Eh, I'll make a new thread asking.

>> No.12055843

>>12055704
I took no more than two classes at a time in that program. A normal week would involve no more than 25 hours a week. It's only around the end of the quarter when I have to pull insane hours, but that's normal for any college class.

Pretty much any creative writing course on Coursera will do the job. It's $49 a month, but that plan will let you take as many classes as you want with a certificate at the end if that matters to you. Coursera is pretty reputable too. I used it to take the five courses needed for a specialization from Wesleyan University. It was as good as the courses at Stanford, on and off campus, if you're curious.

>> No.12056003

>>12055843

Good to know, thanks.

>> No.12056501

>>12051537
>OP gets a helpful, well thought out post
>ignored
This is how we know you're full of shit. Fuck off, you make this board worse.

>> No.12057192

>>12056501
>OP didn't reply to my post
>Better sperg out
That post was OK but mine was better and got replies. What that post prescribes is quite a specific path to be noticed by high brow literary magazines and circles. People may have quite different ambitions to that.

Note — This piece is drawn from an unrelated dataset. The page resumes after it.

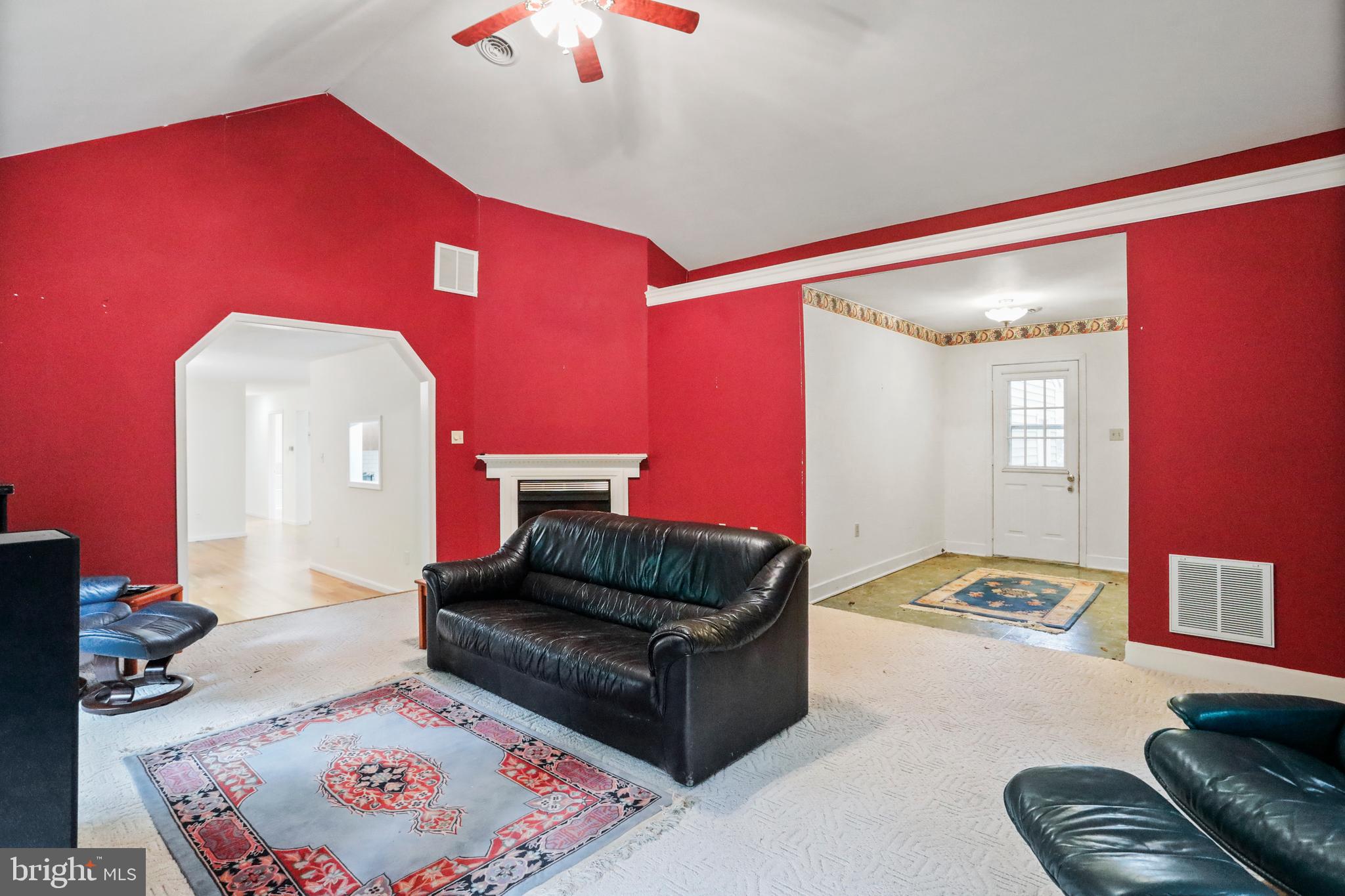 RIDGE VALLEY - Residential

Not least because the contemporary literary establishment is a shambles full of talentless rent-seeking minorities and gender revolutionaries.

>> No.12058109

>>12055335
it's a photography meme -- just as there are writers that scam courses, there are photography teachers that draw random lines on photos and say that this is what makes it great. it goes at such and such an angle and ends at such and such a fraction of the way down the photo.

there are actually some rules that sort of matter. like the rule of thirds. but it quickly just turns into nonsense, and this pic is kind of poking fun at that.

>> No.12058232

>>12049136
Someone like you shouldn't call themselves a "writer" except in the privacy of your own home, away from reality, in the absence of company, or in your delusions, unless either you have published or use the word in the most literal sense that you write stuff.

>> No.12058237
File: 41 KB, 615x574, F82289F47BF240F8ABA428AC23CA27B7.jpg [View same] [iqdb] [saucenao] [google]
12058237

>>12049136
For you, OP.

>> No.12058683
File: 52 KB, 495x490, 1538353180488.jpg [View same] [iqdb] [saucenao] [google]
12058683

>>12058109
I see. It's like seeing metaphors where there is just plain descriptions. Like interpreting a book as an allegorical representation of some historical event—maybe an event occurred centuries after the book was written. Like seeing references to pop culture everywhere, or missing references to pop culture because pop culture is so ephemereal. I understand.

>> No.12058880

>>12050001
that's a pretty good deal for that pizza tbqhq

>> No.12058894

>>12053681
There's the Great Designer Search anon.